### What you will do:
Exactly reproduce the line containing "La Confiance de" and all later lines to the end of the entries, leaving the pictures out of your copy.

:: Record excerpts

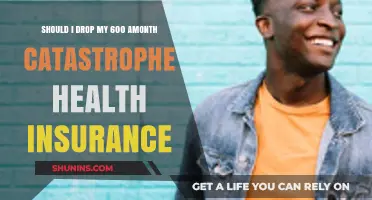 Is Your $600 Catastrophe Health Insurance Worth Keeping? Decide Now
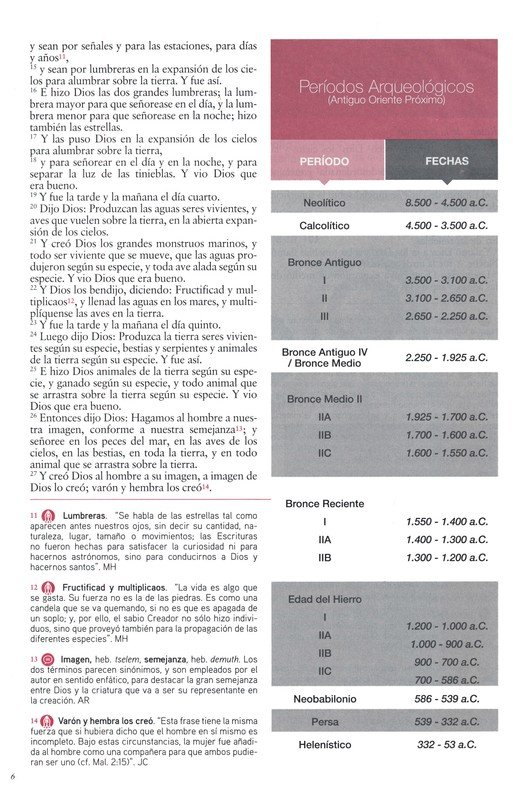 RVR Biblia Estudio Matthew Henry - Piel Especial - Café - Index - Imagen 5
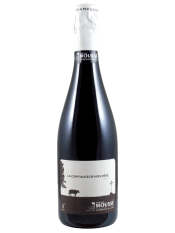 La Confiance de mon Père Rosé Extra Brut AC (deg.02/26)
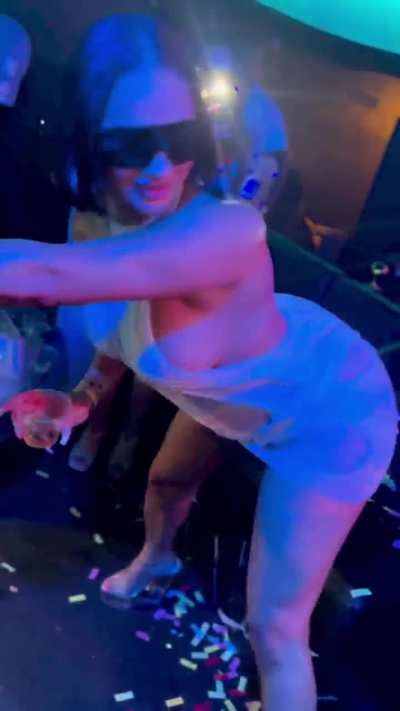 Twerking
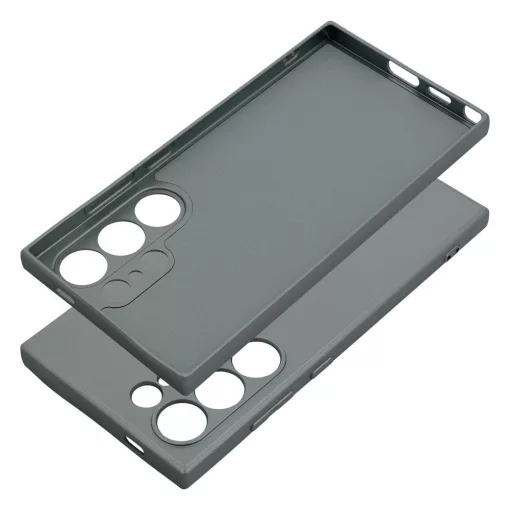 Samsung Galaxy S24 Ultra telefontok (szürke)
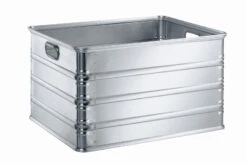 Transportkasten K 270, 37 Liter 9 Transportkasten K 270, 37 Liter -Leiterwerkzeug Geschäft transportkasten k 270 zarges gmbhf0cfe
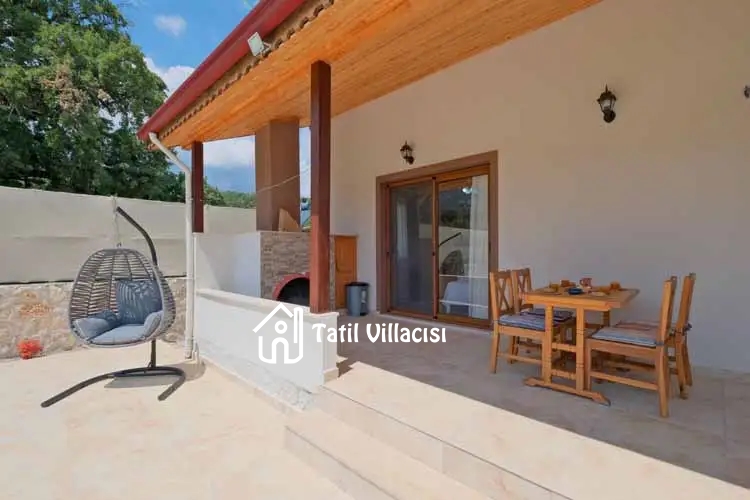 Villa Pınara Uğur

::::

### Result below:
 La Confiance de mon Père Rosé Extra Brut AC (deg.02/26)
 Twerking
 Samsung Galaxy S24 Ultra telefontok (szürke)
 Transportkasten K 270, 37 Liter 9 Transportkasten K 270, 37 Liter -Leiterwerkzeug Geschäft transportkasten k 270 zarges gmbhf0cfe
 Villa Pınara Uğur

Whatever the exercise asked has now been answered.